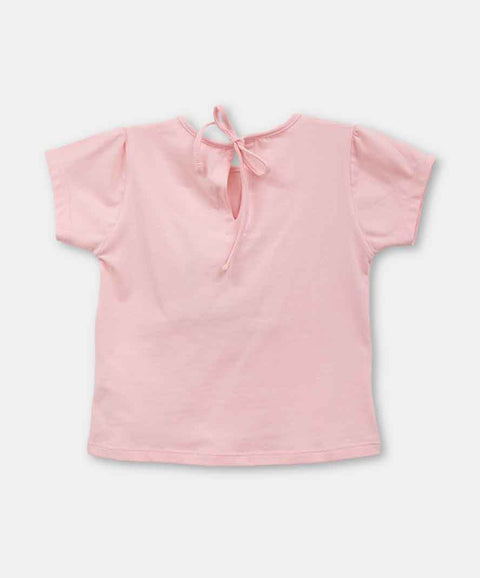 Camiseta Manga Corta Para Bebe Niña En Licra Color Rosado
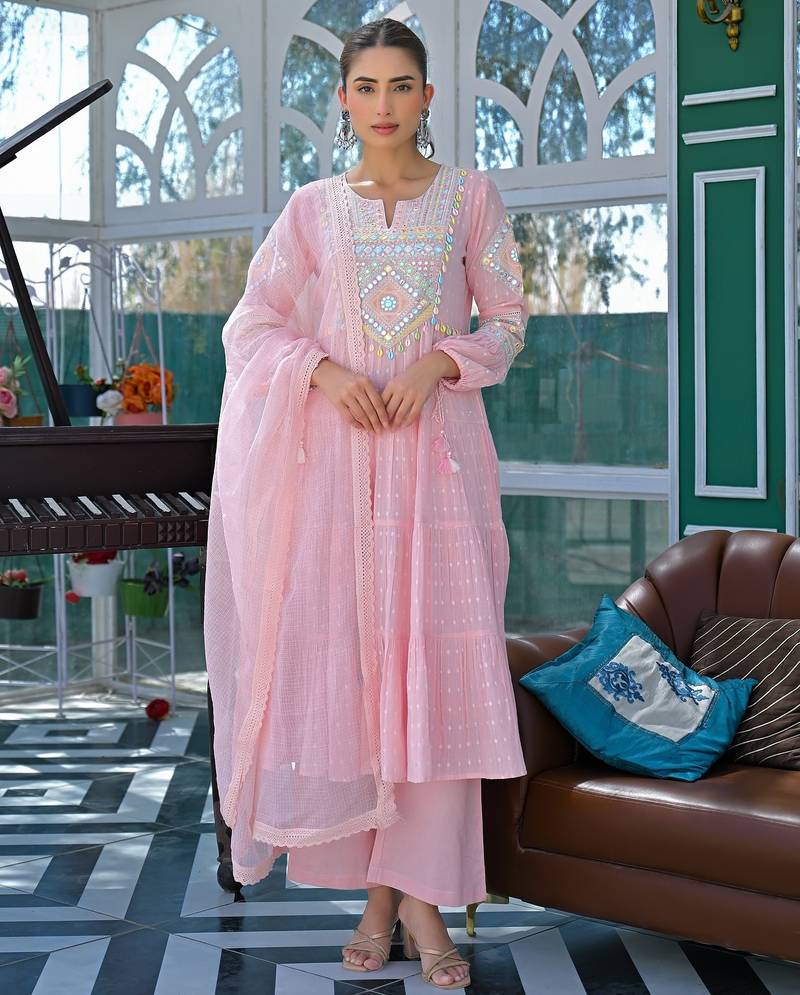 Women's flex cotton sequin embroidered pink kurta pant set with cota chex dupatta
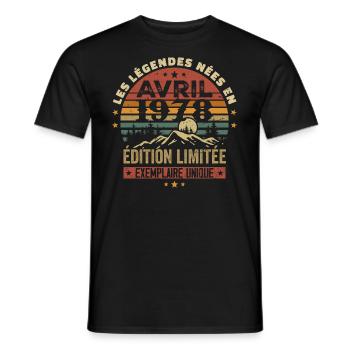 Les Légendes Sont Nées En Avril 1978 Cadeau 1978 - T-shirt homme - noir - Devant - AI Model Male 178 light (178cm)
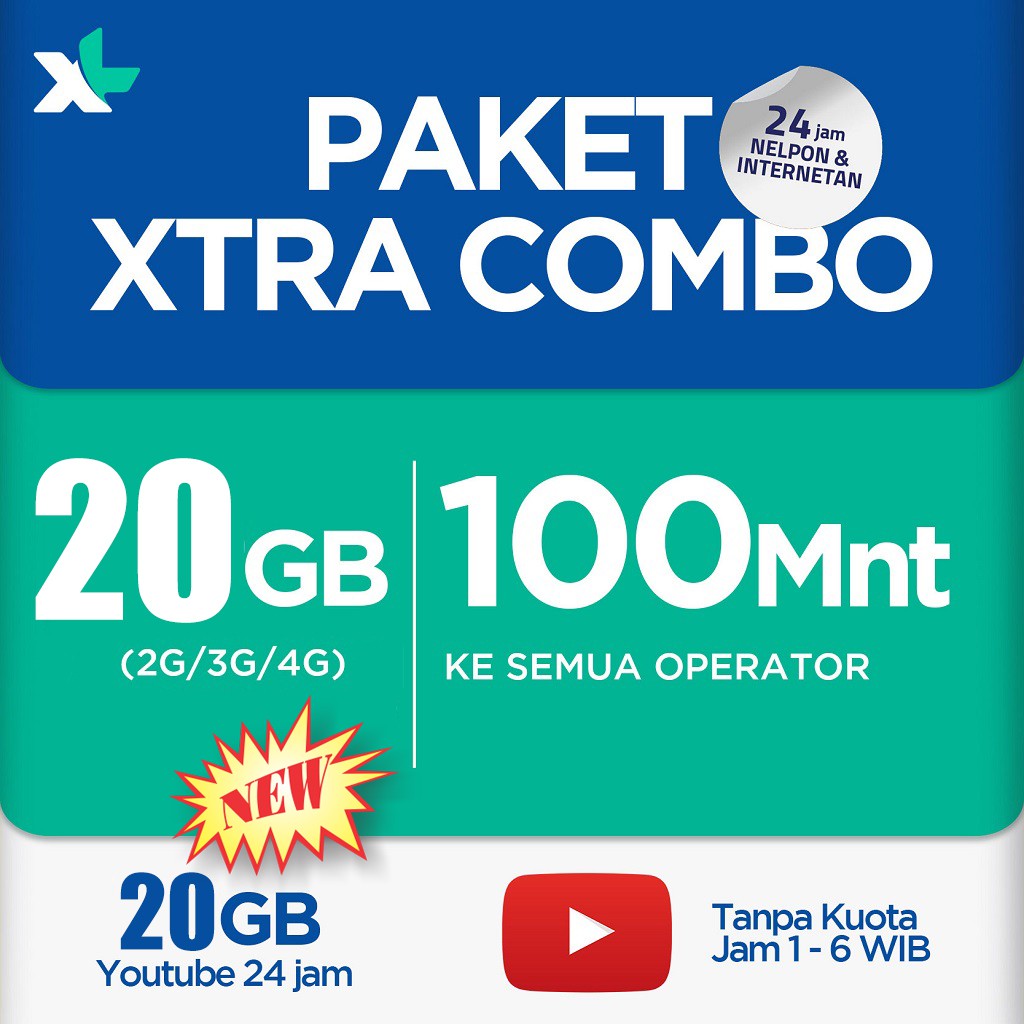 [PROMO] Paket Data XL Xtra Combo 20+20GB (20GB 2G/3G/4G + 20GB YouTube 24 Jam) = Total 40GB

---

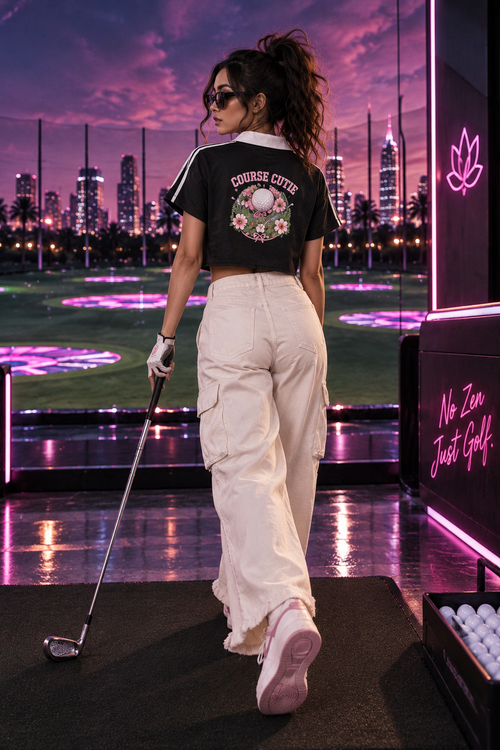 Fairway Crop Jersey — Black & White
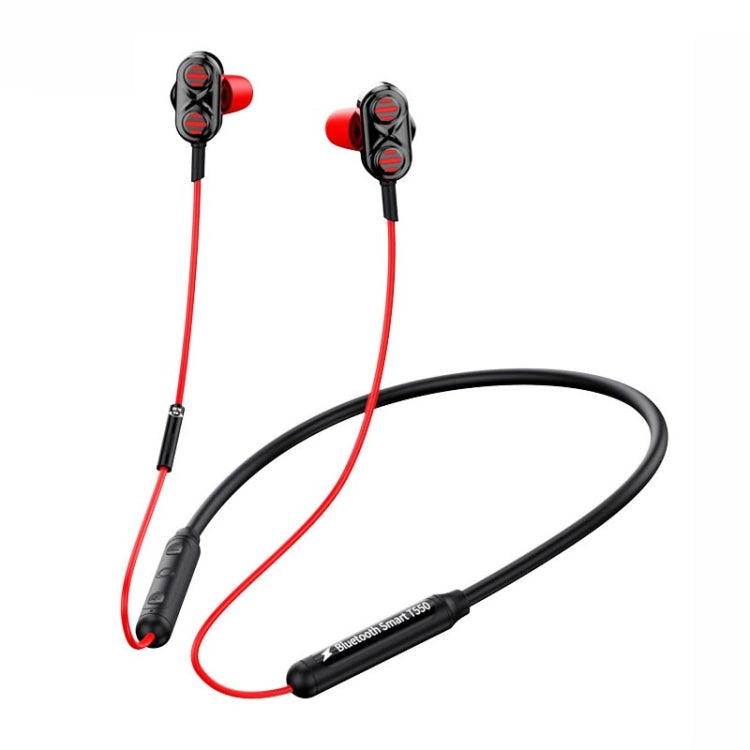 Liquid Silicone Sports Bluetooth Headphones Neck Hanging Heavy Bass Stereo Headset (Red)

### WORK TO BE COMPLETED
Look above for the line containing "Women's flex cotton", then write out every line from there down to the line containing "Les Légendes Sont", that line included, with no pictures.

### TASK RESPONSE
 Women's flex cotton sequin embroidered pink kurta pant set with cota chex dupatta
 Les Légendes Sont Nées En Avril 1978 Cadeau 1978 - T-shirt homme - noir - Devant - AI Model Male 178 light (178cm)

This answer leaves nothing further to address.